#### Task material

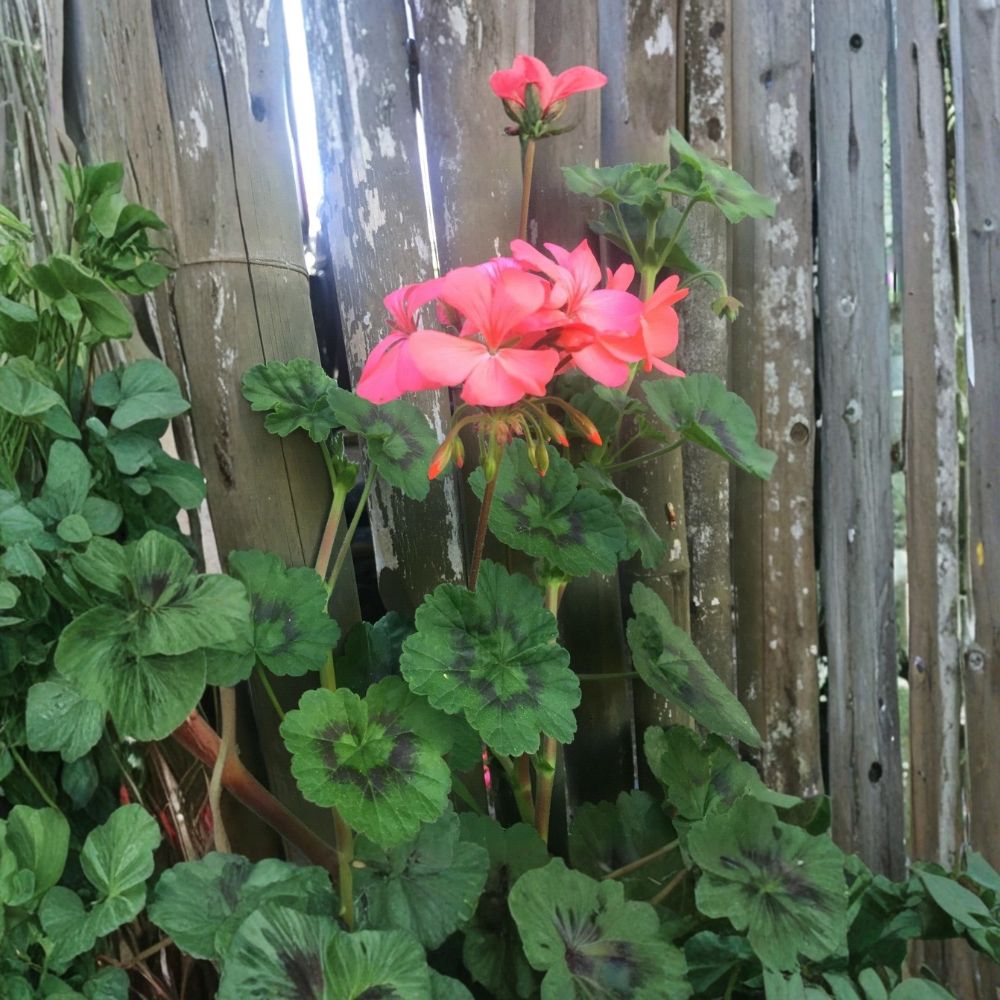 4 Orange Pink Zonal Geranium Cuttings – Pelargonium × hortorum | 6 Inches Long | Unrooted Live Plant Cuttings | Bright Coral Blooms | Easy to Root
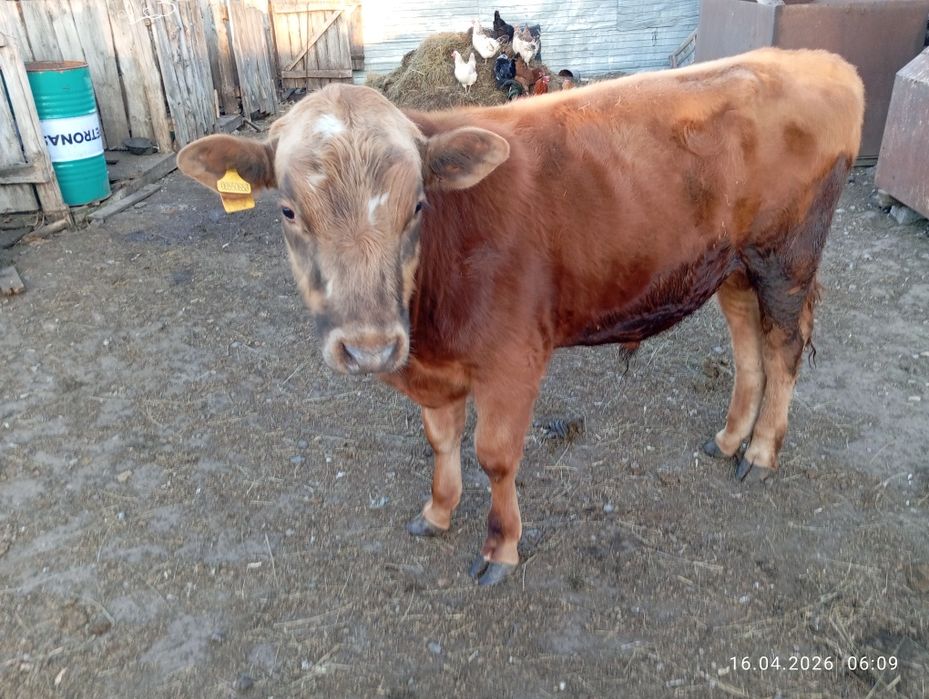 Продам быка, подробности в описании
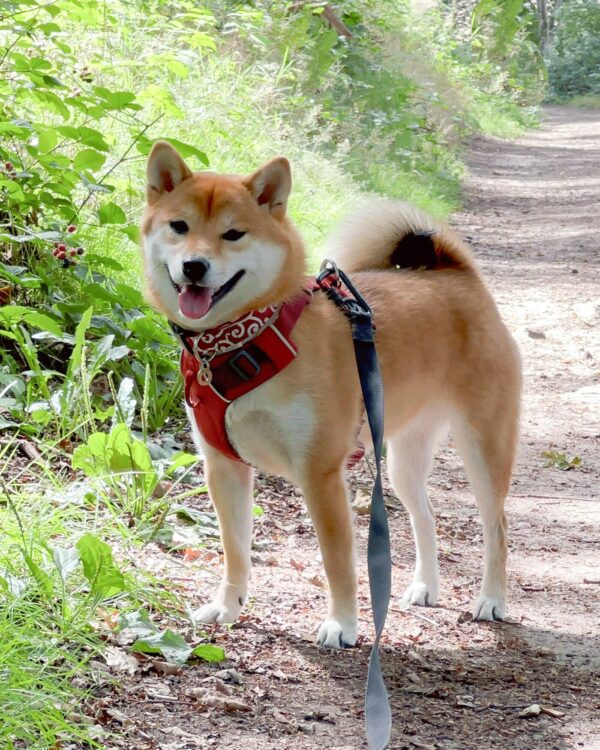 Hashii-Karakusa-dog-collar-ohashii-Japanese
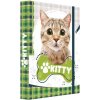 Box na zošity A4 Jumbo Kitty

########
#### Task material

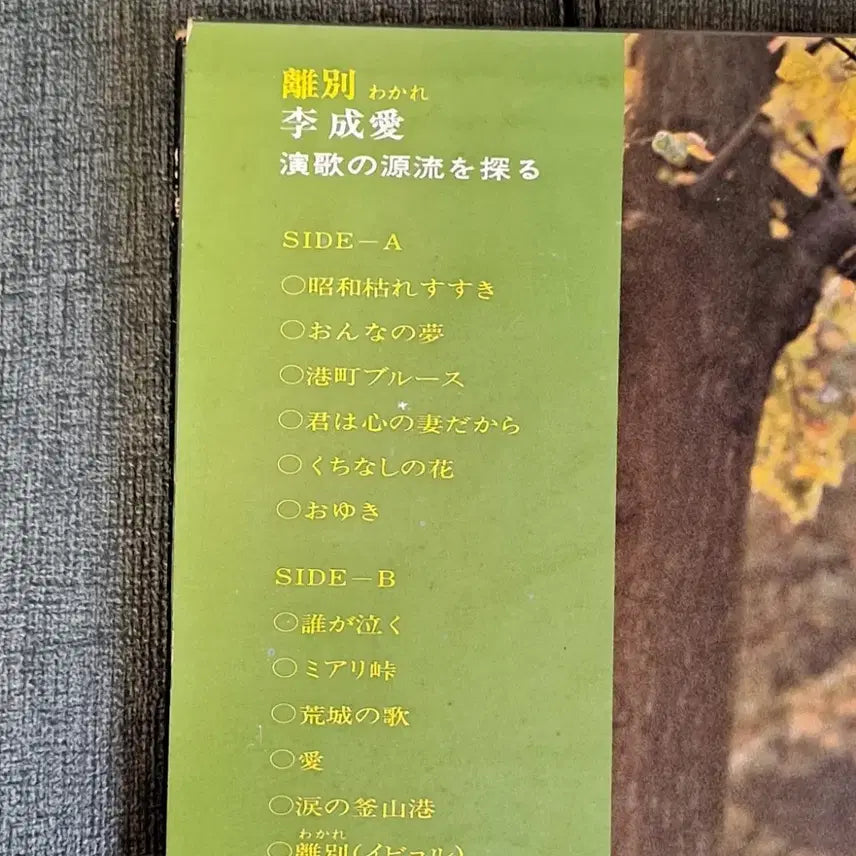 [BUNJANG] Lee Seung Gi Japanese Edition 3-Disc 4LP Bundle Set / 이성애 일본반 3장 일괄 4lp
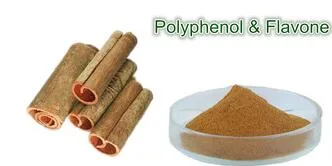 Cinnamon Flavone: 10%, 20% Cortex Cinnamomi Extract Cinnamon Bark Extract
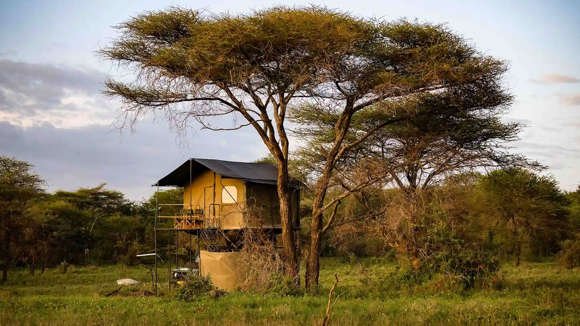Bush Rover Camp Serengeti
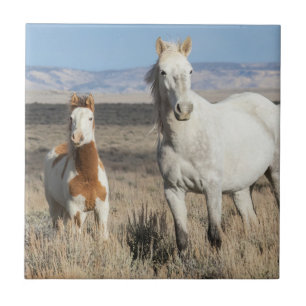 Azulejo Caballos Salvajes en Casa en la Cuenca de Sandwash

########

- Task details: With the pictures removed from your copy, retype the lines above from the one that contains "Bush Rover Camp Serengeti" through the one that contains "Azulejo Caballos Salvajes", exactly.

- Answer space:
Bush Rover Camp Serengeti
 Azulejo Caballos Salvajes en Casa en la Cuenca de Sandwash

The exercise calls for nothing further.